Harriet Fraad
Harriet Fraad (born August 19, 1941) is an American feminist activist, psychotherapist and hypnotherapist in New York City. She has been practicing as a psychotherapist and hypnotherapist for 37 years.[1] She is said to be a founding member of the Feminist movement, owed in part to her founding of the Women's Liberation Movement in 1968.[2] She is the founder of the journal Rethinking Marxism and specializes in writing about the intersection between economics and psychology.[3]
Personal life[edit]
Fraad was born to Jewish parents, Lewis M. Fraad, a pediatrician, and Irma London, who both had leftist sympathies.[4][5] She is the wife of Marxian economist and intellectual Richard D. Wolff. Wolff and Fraad have two children together.[6] She and Wolff co-write for Economy and Psychology, a blog on the interface of those two topics.[1] She has two sisters, Julie Fraad and Rosalyn Baxandall.

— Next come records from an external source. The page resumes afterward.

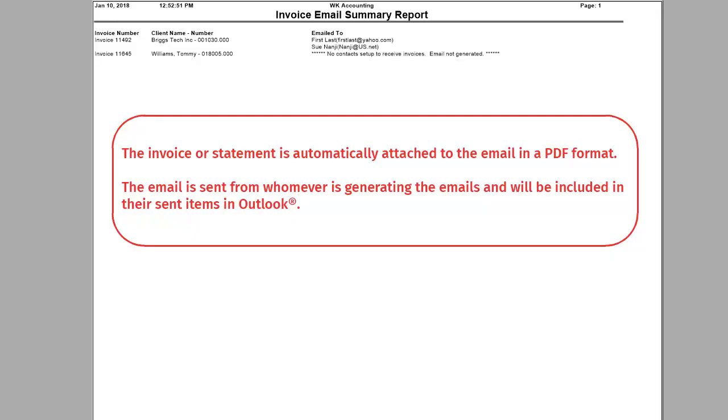Once all emails are sent, the invoice email summary report will be displayed so that you can track how each client received their invoice.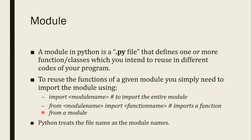Python treats the file name as module name. This we have already discussed. Let us move to another slide.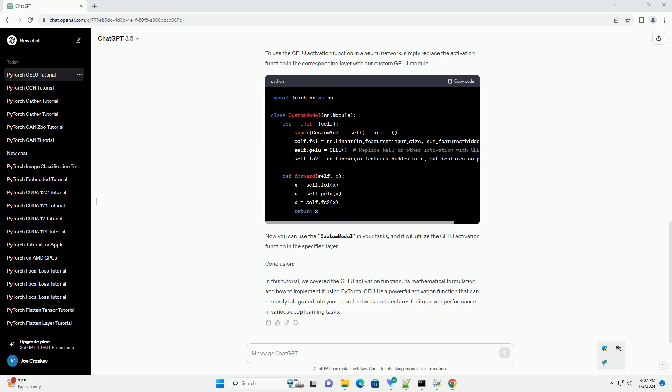GELU(X) equals 0.5 X times 1 plus tanh of square root of 2 over pi times X plus 0.044715 X cubed.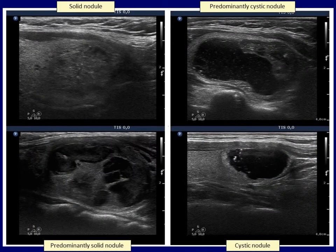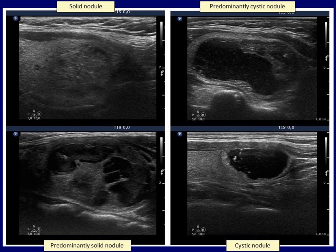This table refers to basic terminology. Although the left upper nodule shows tiny cystic areas, the sum of these areas is surely below 5%, so this nodule should be classified as solid. In the left lower case, the solid parts exceed the cystic areas; however, the cystic amount is above 10%, therefore this nodule should be considered predominantly solid.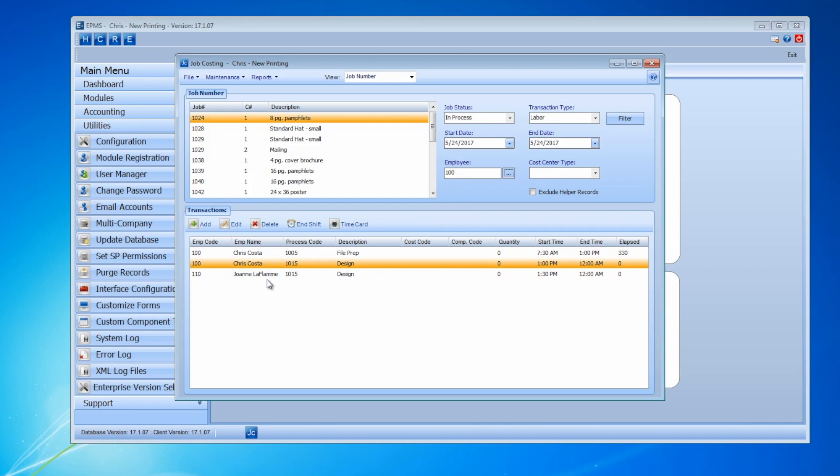But if I hit filter now, it's going to update the list based on that criteria, based on what to put, based on the criteria.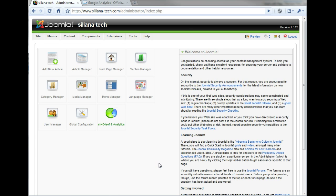Before you start, ensure that your website is running SH-404-SEF version 2.1 or greater.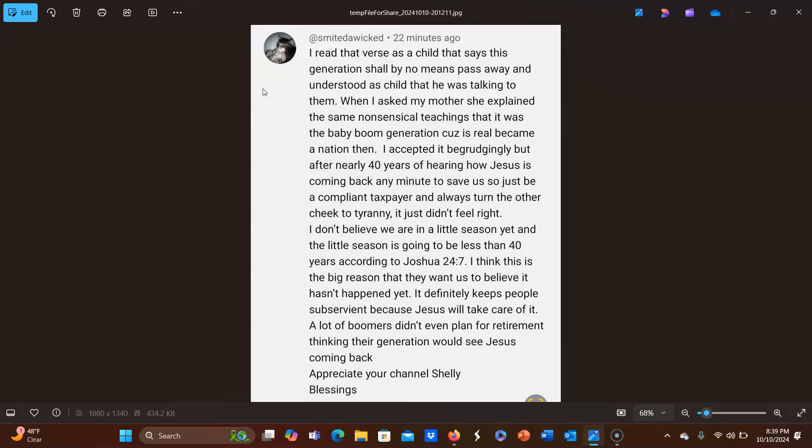I don't believe we are in a little season yet. And the little season is going to be less than 40 years. According to Joshua 24:7, I think this is the big reason that they want us to believe it hasn't happened yet. It definitely keeps people subservient because Jesus will take care of it. A lot of boomers didn't even plan for retirement thinking their generation would see Jesus coming back. Appreciate your channel, Shelly blessings.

Her father worked for the Comintern in Vienna from 1932 to 1936 and was a member of the Communist Party of America from 1929 to 1957.[4] Her maternal grandfather was Horace London, the brother and campaign manager of Meyer London, later a U.S. Representative.[4] To remain an activist her entire life Fraad would contribute to works and become a founding member in movements like the second-wave women's movement. To keep updates on the Economics world she gives regular visits and talks on the Julianna Forlano Morning show on WBAI, MK Mendoza on KSFR, and Women's Spaces on WBBK. The latest work she contributed to was Knowledge, Class, and Economics: Marxism without Guarantees.[7]
Fraad's uncle was Ephraim London, Irma's brother, and through him, her maternal cousin was Sheila Michaels, a feminist and activist, whom Ephraim never publicly acknowledged as his daughter.[8]